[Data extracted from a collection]

——

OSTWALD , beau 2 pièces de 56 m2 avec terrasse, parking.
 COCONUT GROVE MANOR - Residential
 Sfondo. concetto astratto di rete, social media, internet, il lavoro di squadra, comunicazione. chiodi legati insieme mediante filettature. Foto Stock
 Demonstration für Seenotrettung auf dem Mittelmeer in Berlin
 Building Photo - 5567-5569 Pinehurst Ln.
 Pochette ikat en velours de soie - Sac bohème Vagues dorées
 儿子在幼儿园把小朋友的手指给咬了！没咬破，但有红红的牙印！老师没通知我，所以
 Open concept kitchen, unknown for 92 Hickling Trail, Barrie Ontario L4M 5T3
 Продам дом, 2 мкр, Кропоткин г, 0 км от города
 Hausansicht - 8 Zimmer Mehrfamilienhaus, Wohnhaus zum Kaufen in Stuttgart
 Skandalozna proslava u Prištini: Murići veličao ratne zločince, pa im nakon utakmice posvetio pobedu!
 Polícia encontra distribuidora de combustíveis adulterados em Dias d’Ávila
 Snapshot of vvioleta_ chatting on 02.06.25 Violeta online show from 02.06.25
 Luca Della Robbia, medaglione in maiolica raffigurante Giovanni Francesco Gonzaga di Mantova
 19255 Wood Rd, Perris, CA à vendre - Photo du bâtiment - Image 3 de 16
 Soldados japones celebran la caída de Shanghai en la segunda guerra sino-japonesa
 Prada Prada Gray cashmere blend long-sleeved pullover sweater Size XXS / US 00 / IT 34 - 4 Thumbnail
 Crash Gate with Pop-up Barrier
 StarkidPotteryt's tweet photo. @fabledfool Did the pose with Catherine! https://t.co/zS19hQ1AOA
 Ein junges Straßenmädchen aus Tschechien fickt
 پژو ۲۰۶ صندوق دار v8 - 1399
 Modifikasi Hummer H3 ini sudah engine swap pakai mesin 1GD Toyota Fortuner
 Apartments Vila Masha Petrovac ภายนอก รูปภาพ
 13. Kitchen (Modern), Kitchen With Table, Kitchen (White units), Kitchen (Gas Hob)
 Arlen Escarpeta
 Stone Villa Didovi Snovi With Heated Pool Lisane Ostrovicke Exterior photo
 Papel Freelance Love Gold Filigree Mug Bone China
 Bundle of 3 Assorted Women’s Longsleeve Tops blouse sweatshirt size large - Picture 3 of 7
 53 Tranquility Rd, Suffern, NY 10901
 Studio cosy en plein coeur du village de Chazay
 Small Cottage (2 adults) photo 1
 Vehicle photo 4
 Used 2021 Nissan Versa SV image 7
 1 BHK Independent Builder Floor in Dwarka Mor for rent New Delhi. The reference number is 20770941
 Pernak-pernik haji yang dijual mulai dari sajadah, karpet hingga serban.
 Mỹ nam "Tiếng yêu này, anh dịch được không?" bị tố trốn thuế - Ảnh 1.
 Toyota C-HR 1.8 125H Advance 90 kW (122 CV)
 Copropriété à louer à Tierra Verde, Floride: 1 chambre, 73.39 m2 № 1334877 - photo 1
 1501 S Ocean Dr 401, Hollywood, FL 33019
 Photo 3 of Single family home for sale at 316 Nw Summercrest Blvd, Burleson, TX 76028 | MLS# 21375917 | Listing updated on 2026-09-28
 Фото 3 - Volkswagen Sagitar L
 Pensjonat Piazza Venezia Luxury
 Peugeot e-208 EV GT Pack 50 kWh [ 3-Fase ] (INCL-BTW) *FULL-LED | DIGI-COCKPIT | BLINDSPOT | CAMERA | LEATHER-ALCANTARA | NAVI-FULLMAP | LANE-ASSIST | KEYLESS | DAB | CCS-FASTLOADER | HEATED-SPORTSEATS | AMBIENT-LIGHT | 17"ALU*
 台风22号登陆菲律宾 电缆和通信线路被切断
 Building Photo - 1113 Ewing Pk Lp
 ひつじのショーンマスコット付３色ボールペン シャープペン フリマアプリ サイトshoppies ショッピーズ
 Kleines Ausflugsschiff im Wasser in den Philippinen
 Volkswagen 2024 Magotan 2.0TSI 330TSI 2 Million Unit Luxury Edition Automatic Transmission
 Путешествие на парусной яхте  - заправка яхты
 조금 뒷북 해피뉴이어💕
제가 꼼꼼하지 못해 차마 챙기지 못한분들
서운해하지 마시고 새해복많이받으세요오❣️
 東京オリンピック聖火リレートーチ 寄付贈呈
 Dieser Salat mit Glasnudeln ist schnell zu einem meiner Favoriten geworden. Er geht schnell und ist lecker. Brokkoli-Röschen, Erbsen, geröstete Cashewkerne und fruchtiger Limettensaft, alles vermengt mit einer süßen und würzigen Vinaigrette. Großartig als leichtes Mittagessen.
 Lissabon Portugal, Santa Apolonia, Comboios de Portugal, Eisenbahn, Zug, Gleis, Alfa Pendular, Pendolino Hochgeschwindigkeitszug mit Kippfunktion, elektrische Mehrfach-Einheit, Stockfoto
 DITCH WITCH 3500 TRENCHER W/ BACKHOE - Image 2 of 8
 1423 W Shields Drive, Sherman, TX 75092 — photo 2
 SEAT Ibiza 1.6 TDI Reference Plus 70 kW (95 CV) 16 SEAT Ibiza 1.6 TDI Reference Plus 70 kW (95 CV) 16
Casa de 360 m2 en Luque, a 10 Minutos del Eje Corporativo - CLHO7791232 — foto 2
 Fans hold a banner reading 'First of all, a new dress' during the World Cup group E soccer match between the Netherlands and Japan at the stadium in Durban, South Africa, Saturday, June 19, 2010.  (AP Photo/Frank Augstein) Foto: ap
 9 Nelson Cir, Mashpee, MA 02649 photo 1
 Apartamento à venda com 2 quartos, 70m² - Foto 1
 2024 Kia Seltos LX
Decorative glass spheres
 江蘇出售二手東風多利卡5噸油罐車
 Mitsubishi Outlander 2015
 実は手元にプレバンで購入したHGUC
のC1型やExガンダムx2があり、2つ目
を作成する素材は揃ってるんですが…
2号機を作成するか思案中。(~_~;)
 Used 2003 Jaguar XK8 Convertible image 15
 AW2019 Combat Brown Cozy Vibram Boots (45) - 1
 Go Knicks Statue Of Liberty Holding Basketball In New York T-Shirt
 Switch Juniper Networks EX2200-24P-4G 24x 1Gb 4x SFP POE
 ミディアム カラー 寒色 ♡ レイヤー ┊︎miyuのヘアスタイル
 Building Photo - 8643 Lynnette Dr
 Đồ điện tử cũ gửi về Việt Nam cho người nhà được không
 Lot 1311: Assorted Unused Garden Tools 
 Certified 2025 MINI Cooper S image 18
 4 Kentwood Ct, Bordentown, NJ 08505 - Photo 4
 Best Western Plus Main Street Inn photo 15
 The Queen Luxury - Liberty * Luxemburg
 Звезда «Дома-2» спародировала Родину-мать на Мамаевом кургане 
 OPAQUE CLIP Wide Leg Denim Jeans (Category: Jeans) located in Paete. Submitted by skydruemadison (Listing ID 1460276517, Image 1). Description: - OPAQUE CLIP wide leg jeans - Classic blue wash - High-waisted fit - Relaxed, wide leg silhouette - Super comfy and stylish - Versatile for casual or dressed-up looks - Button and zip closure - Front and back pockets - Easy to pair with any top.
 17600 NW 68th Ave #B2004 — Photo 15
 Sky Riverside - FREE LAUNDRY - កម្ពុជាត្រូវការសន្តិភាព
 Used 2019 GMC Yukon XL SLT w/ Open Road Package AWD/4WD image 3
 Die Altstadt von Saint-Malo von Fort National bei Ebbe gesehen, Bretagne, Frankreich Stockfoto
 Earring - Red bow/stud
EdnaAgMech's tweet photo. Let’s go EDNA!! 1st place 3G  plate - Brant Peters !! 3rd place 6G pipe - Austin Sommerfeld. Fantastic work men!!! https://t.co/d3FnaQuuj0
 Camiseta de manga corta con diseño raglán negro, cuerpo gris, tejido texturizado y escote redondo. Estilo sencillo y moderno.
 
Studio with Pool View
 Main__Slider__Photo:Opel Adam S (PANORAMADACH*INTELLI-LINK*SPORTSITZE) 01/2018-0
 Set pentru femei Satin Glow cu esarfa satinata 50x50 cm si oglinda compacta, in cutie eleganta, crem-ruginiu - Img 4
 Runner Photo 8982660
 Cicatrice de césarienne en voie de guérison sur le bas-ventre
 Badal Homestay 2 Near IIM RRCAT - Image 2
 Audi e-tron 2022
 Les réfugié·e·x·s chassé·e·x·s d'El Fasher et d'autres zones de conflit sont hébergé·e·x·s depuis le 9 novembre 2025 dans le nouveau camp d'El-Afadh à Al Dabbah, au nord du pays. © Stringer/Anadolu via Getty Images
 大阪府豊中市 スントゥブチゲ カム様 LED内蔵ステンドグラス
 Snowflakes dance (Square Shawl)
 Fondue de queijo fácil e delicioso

——

Action item: Give the number of lines containing "Luxury" in the entries, and no other text.

Task response: 3